(Beginning of Working data)

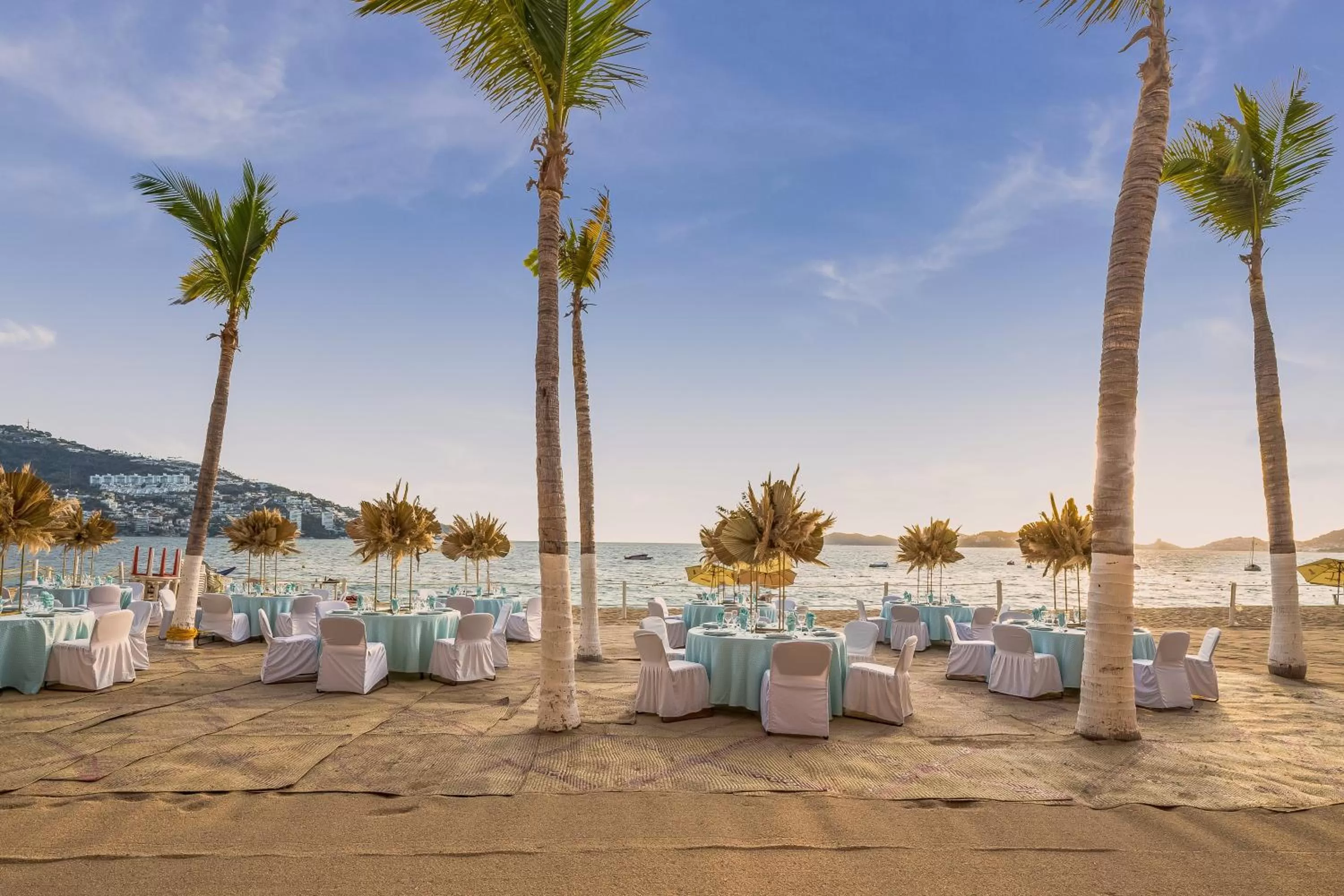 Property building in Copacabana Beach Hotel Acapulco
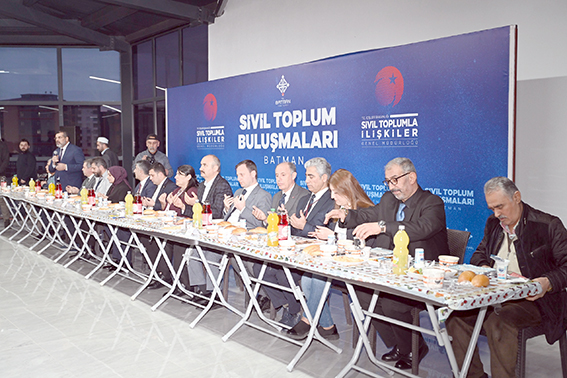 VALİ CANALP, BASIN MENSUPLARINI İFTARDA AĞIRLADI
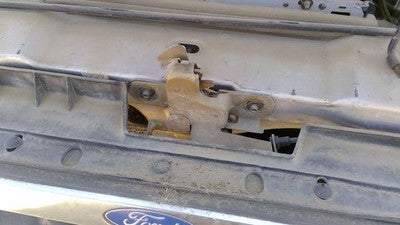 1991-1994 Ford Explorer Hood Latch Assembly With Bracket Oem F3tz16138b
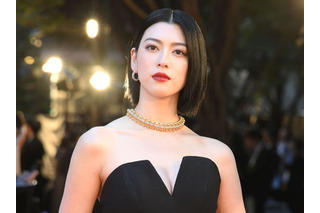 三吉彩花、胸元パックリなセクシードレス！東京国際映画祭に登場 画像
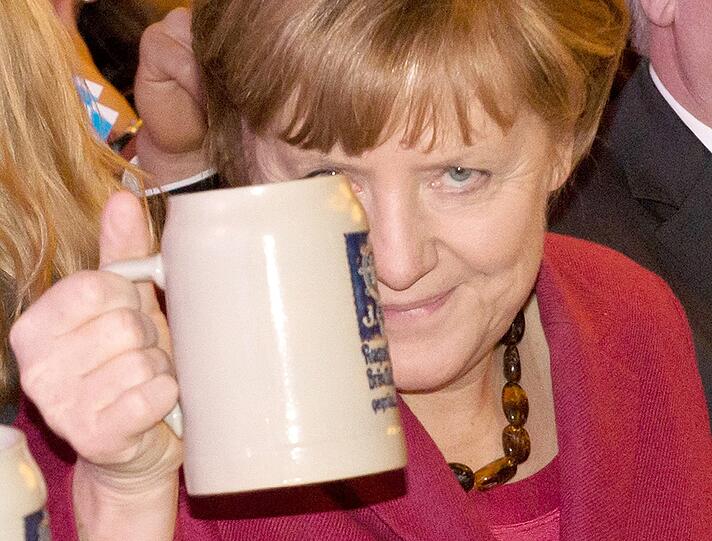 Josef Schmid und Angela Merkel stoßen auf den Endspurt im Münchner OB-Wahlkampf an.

(End of Working data)
(Beginning of Working data)

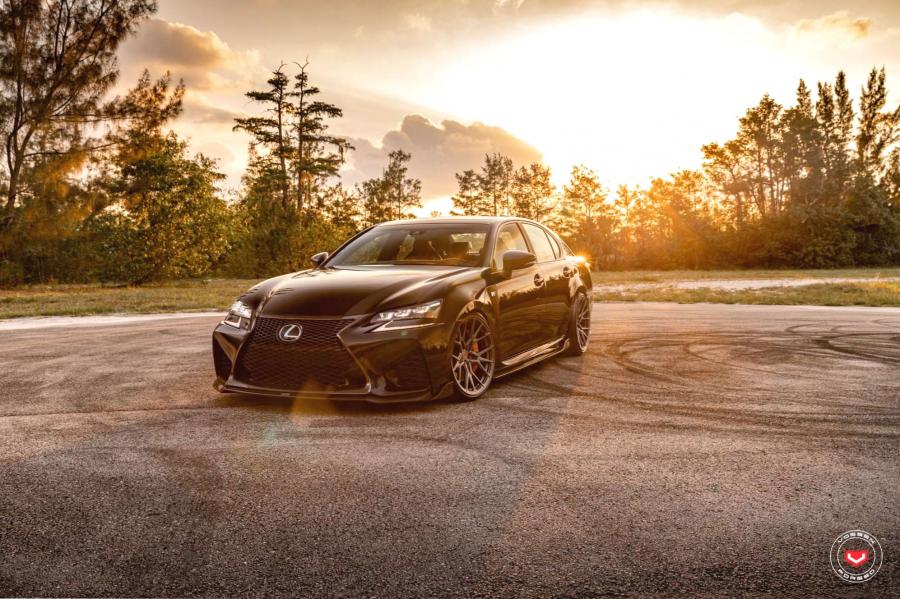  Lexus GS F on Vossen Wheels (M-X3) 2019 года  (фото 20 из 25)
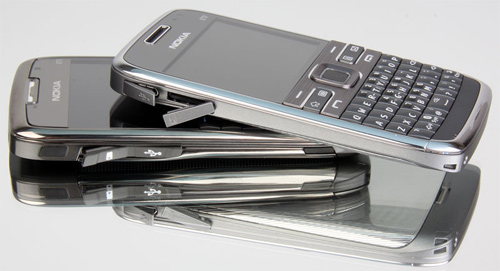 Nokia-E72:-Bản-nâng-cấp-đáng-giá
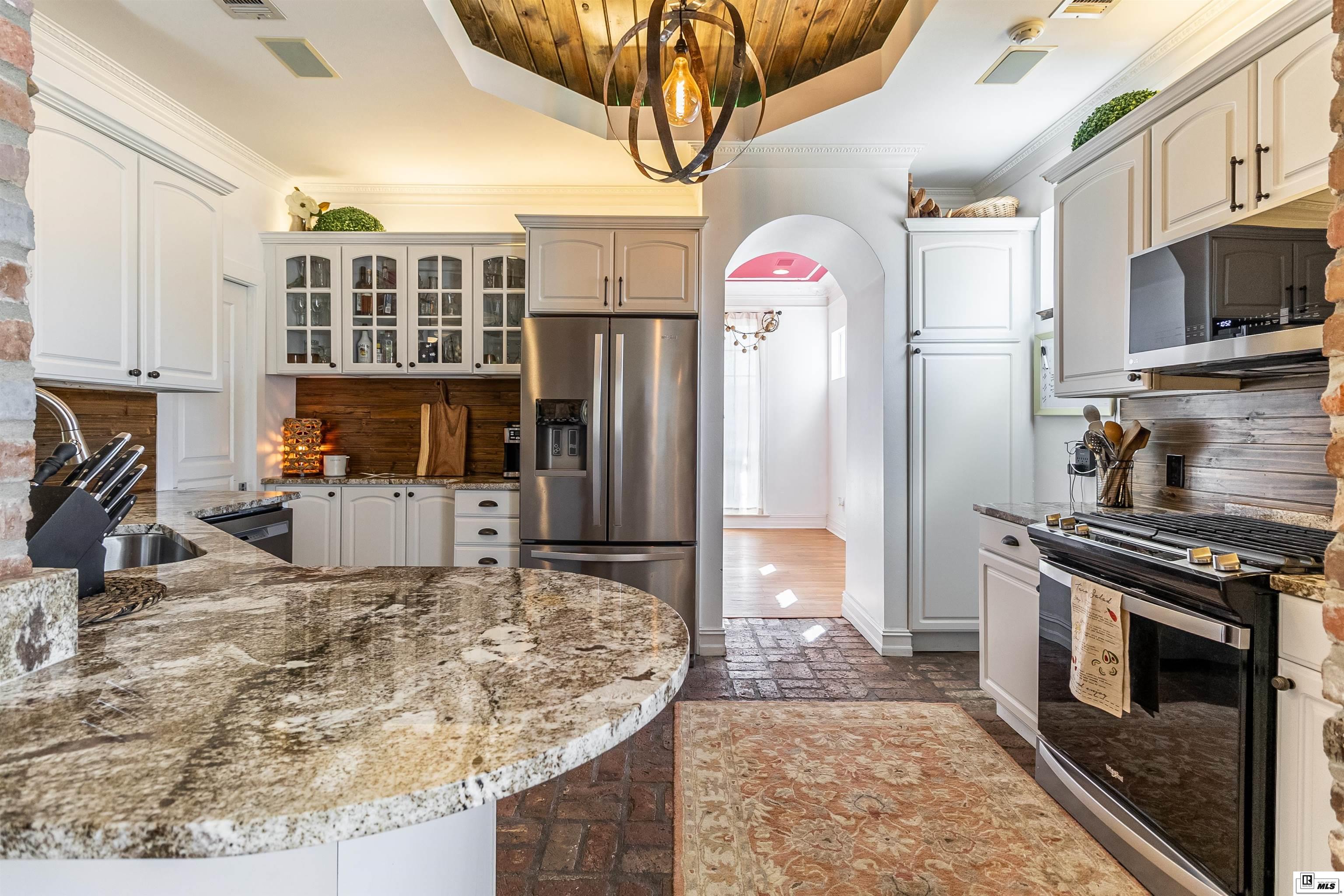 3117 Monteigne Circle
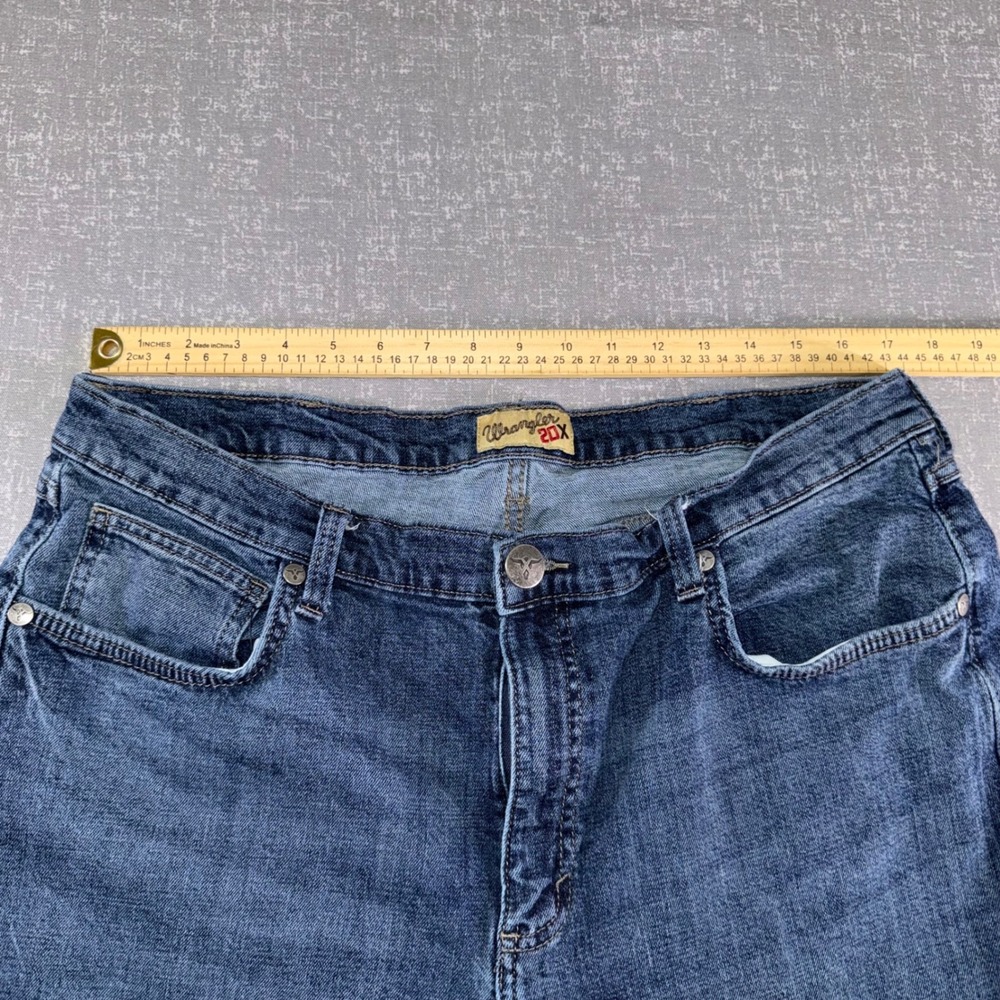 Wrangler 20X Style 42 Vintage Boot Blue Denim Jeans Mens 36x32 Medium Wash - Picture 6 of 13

(End of Working data)

▶ **Task requirements**
From the data above, return only the lines starting at the line that holds "Property building in" and ending at the line that holds "Josef Schmid und", word for word and without pictures.

▶ **Exercise result**
 Property building in Copacabana Beach Hotel Acapulco
 VALİ CANALP, BASIN MENSUPLARINI İFTARDA AĞIRLADI
 1991-1994 Ford Explorer Hood Latch Assembly With Bracket Oem F3tz16138b
 三吉彩花、胸元パックリなセクシードレス！東京国際映画祭に登場 画像
 Josef Schmid und Angela Merkel stoßen auf den Endspurt im Münchner OB-Wahlkampf an.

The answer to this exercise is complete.